Management, led by BSC managing director Rebecca Cotterell, have been told they have until the summer to prove that new systems, improved formats and customer service put in over the past year can produce results or the business will be disposed of.
But Mr Strong's hand may be forced if the collapsing share price, which at 88p on Friday is near recent lows, prompts a break-up bid for the company.

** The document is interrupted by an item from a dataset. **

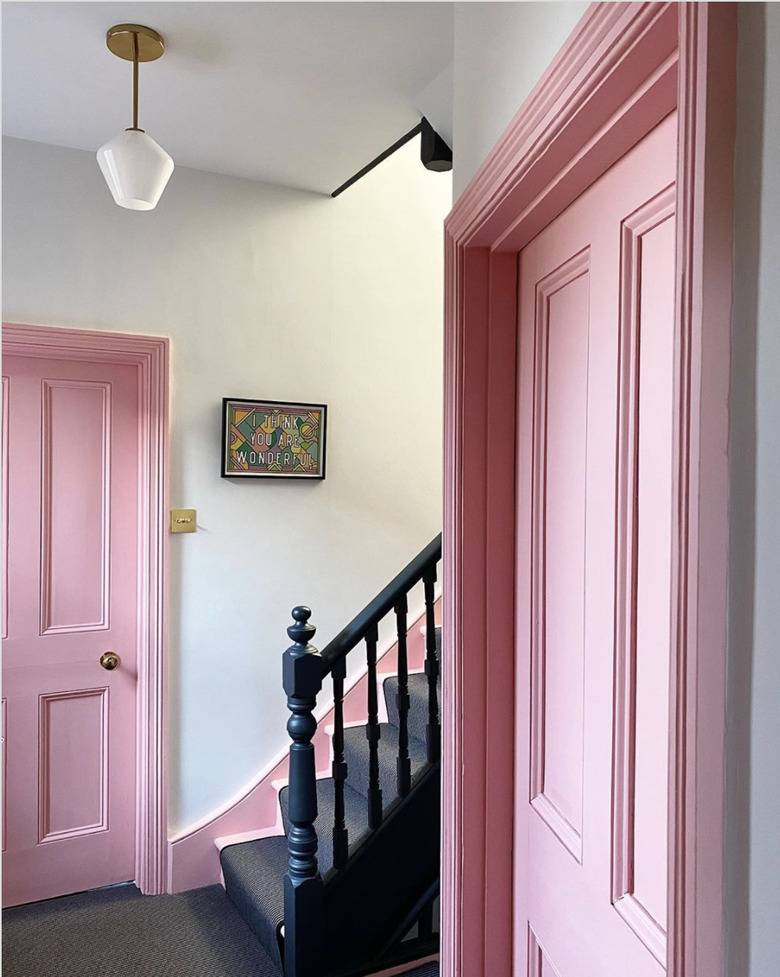 Gray striped stair runners next to pink doors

One report over the weekend claimed that millionaire entrepreneur Richard Caring was putting together just such a bid with German mail order group Otto Versand, which lost out with the lowest offer in the recent auction of Sears' Freemans mail order business.
Mr Strong, who is expected to announce the sale of that operation for around pounds 375m to Littlewoods early this week, is understood to have the backing of his board, headed by non-executive chairman Sir Bob Reid, in setting his face against whole- sale demerger for now.

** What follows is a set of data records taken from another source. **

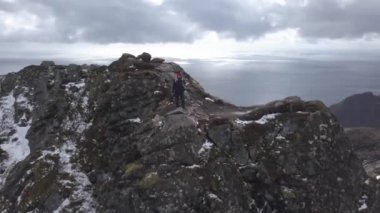 Dağ üstünde ayakta iken kamera çekimleri ile doğa fotoğrafçı turist. Güzel doğa Norveç Lofoten Takımadaları. Hava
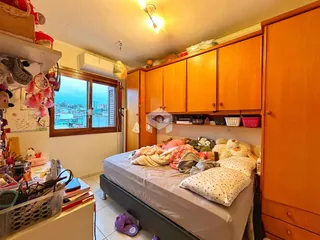 Quarto com armário de madeira e vista da cidade pela janela.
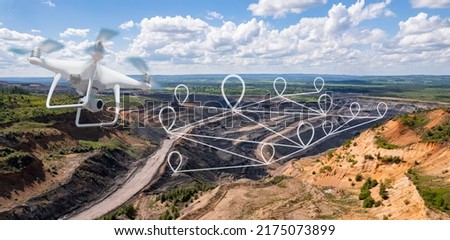 Innovation aerial uav drone copter flying with camera above opencast mining open coal. Concept engineering geology industry. Royalty-Free Stock Photo #2175073899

One insider said yesterday: "A huge amount of change and restructuring has gone on and spring is the first time we will see ranges from the new management put in in December 1995. This will be critical to see what the potential of the shoe business is going to be.
"So the great shout that Sears is going to sell the shoe business is not right, because we have got to see what is going to happen. But it would be wrong to exclude the possibility if it doesn't perform."
A demerger would be considered if the rationale could be shown to be "very good", the source said.
Even so, the City is likely to remain sceptical about Mr Strong's ability to turn around the UK shoes business, now encompassing Shoe Express, Shoe City, Dolcis and a chain of department store concessions, which saw profits slump from pounds 2m to just pounds 600,000 in the six months to July. One analyst said yesterday: "I'm not sure whether new ranges are enough to shift perceptions of the business. Essentially it's a replacement market: the number of shoes per head bought is low."
She expressed doubts whether a management whose background was in clothing was the right team to revive a shoes business.
Opinion amongst Sears' major shareholders about Mr Strong's future is still not clear-cut in the wake of the profit warning.